Tuesday: Light day. 7:45. We grunt. Drive. "Hello vampire girl" . "Hello way too big girl" and "Hello Lauren's boyfriend"! We get to school, put all the mats together, and depending on your day, you stretch, warmup, or try to get 10 minutes of sleep. Front rolls, front dives, core work. Done. Voice and Diction. Today is Diction day. Kate explains to us how to use our lips and tongue and breath. You think you know it, but you don't. We say words correctly for the first time in years. Her energy is contagious. Her examples make me strive harder to be a better speaker and performer. Vowels, consonants, and words and we're done at 10:30. Personal rehearsal time and what ever else you can fill your time for the rest of the day. I TA a sophomore acting class at 2:30 and by just listening, Mark teaches me things I have either forgotten or never knew.
Wednesday: Grunt grunt. Too many grunts because then I feel awkward around her husband. She's in rehearsals for Dracula so her nights are busy just like mine were last month. Kelly and I discuss doing a 2 person play together if we don't get cast next semester. Movement, Voice, Acting, and Research and Methods keep our day filled till 3 pm. At the end of each day, our MFA class usually have made 3-4 more inside jokes which is tough because we forget all the ones from last week.
Thursday: All the MFA's get to the parking lot and pile into my car, all 8 of us. Why? who cares. We only live once. Only Movement and Voice today. I have to stick around after because I TA the acting class at 2:30, so I always have to find something to keep me busy which is never hard to do.
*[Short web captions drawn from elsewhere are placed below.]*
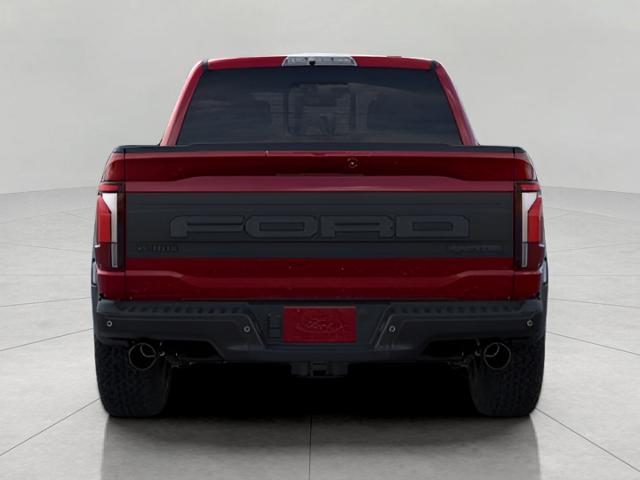2025 Ford F-150 Vehicle Photo in Neenah, WI 54956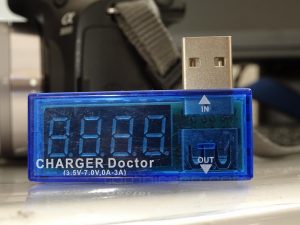 charger doctor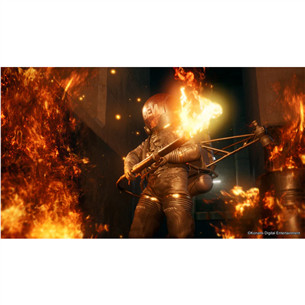 Metal Gear Solid Delta: Snake Eater Day One Edition, PlayStation 5 - Spēle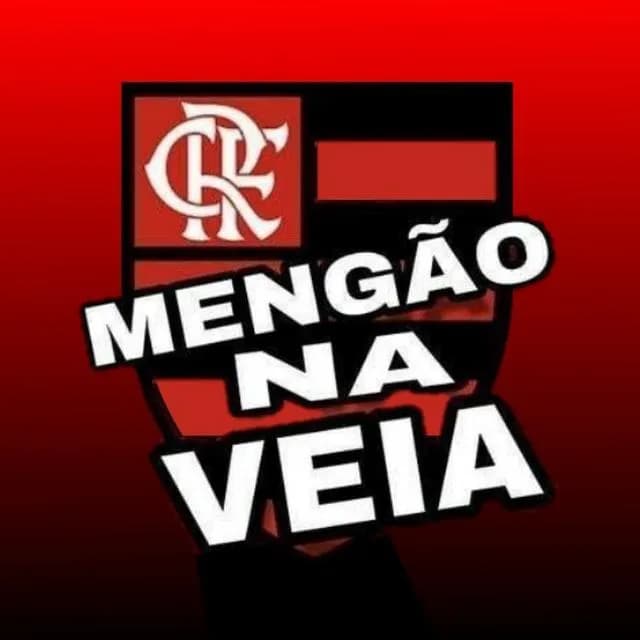 Mengão Na Veia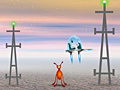 Oyunu Spaceman 2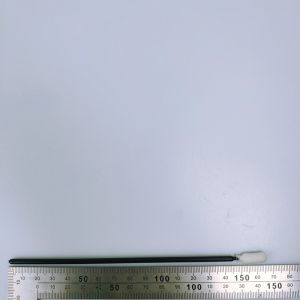 165mm Extra Long Sponge Swab With Flexible Foam Head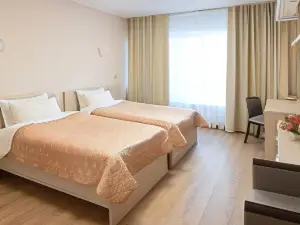 Dubna 3 Hotel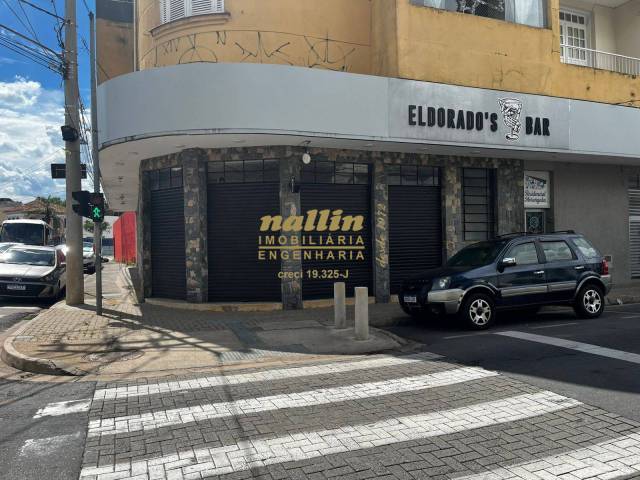 #PC0008 - Salão Comercial para Locação em Itatiba - SP - 2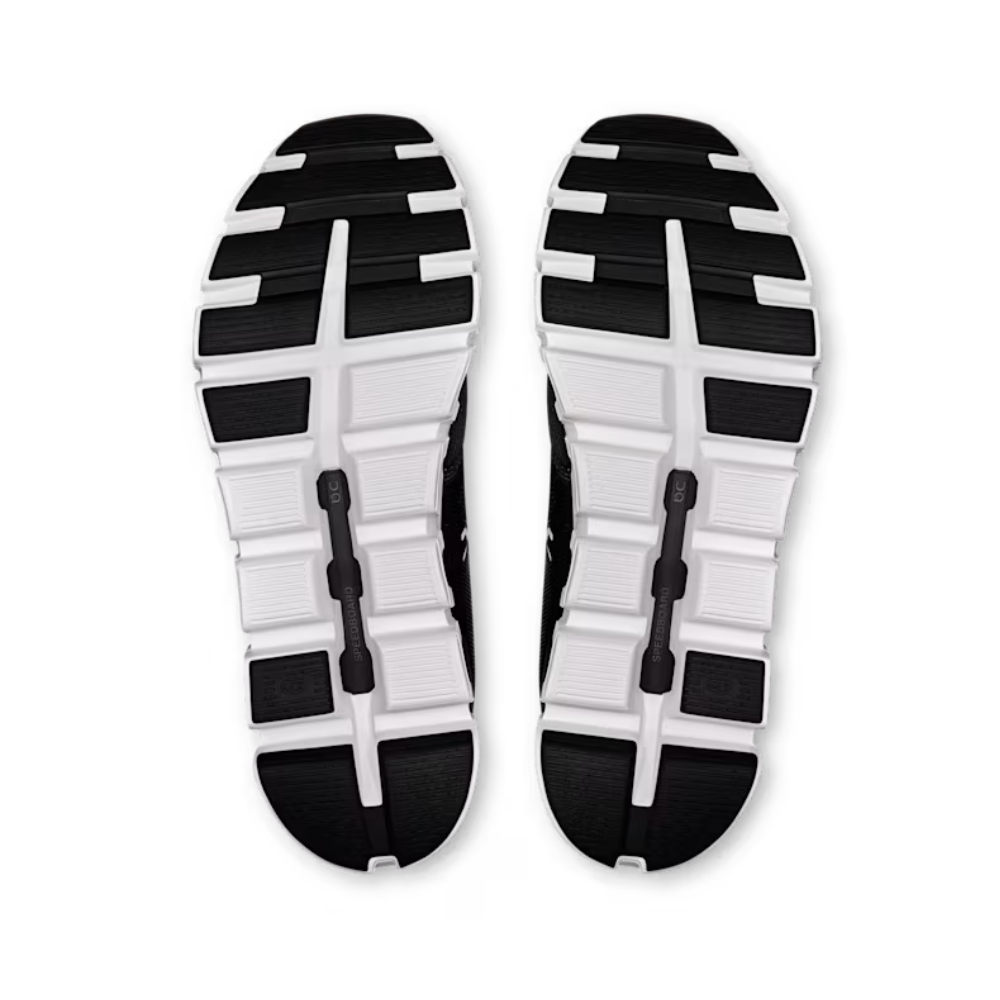 Trainer Black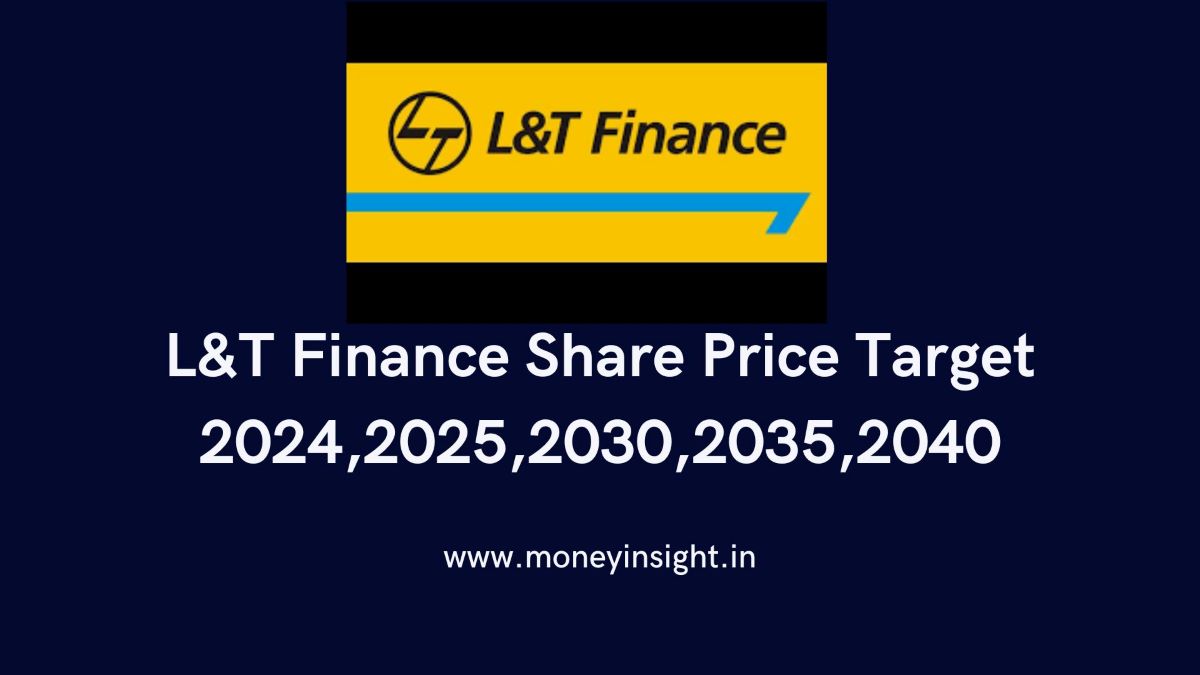 L&T- Finance- Share- Price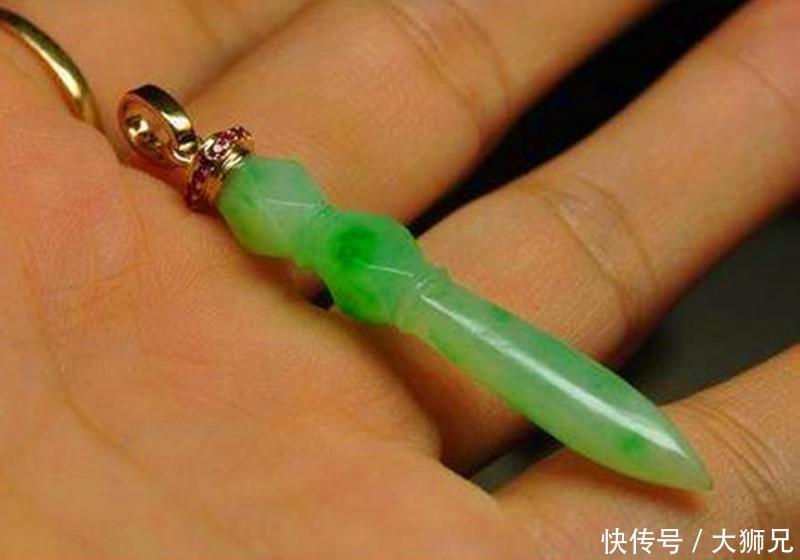 张之洞送给慈禧一个小玩意,慈禧爱如至宝,临死也要带在身边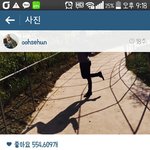 [EXO] 아직이<b>렁</b>년ㄴ들이있다니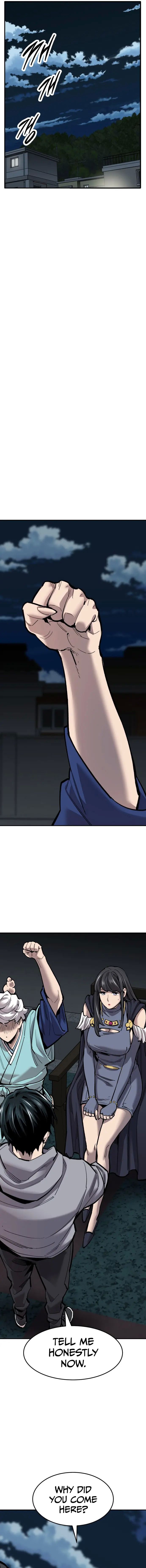 Limit Breaker chapter 105 page 19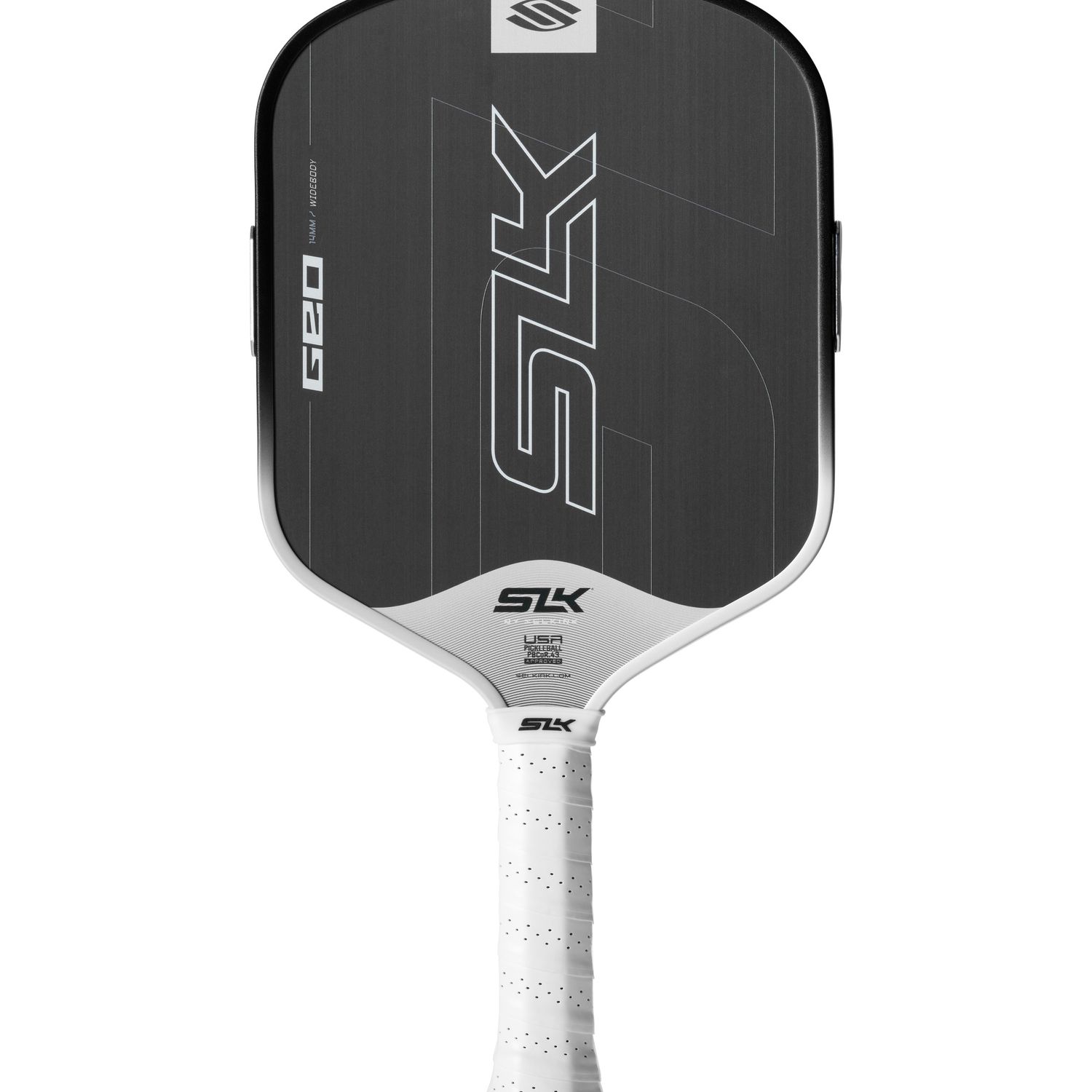 Selkirk SLK Geo Widebody - White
Homework, homework, reading, writing, homework, script work, memorization, singing, gym, homework, network, read, eat, research, homework, stretch, more script work, memorize something else, grunt, eat, homework, and then uh, eat. When I say eat, I really mean, walking behind someone who is eating and scrambling for the crumbs.
Friday: TGIF!!! Hello vampire girl, big girl, and crossing guy...it's Friday!!! We park, throw grapes at Josh's car, and move and then speak. And done! EXCEPT....I have to TA at 3:30 so I have to keep myself busy until then. I might go look at Be's diploma as motivation. She probably doesn't know it, but it actually is.
Here is my philosophy that I have learned. If I want to succeed in all of my goals that I placed before I got here, I should never feel like I have nothing to do. There is ALWAYS something to do. Read , read, read. When was the last time you met an actor who knew everything there was to know to make them the most successful they could possibly be? If I have an hour break, I read a new script. I write. Some might call it distracting myself from dealing with things in life, but if that's the case, so what. By June of 2013, I want to be one of the most informed actors in the country. I live for the future. Every day. Every single thing I do makes me a better person, actor, and student. I take nothing for granted. Who knows, one day I might write a movie about Vampire orthodontist girl.
Saturday & Sunday: Cook, clean, vacuum, OSU football, read, write, laundry, dishwasher, homework, gym, sweat, throw out the rotten stuff in the fridge, and try to sleep.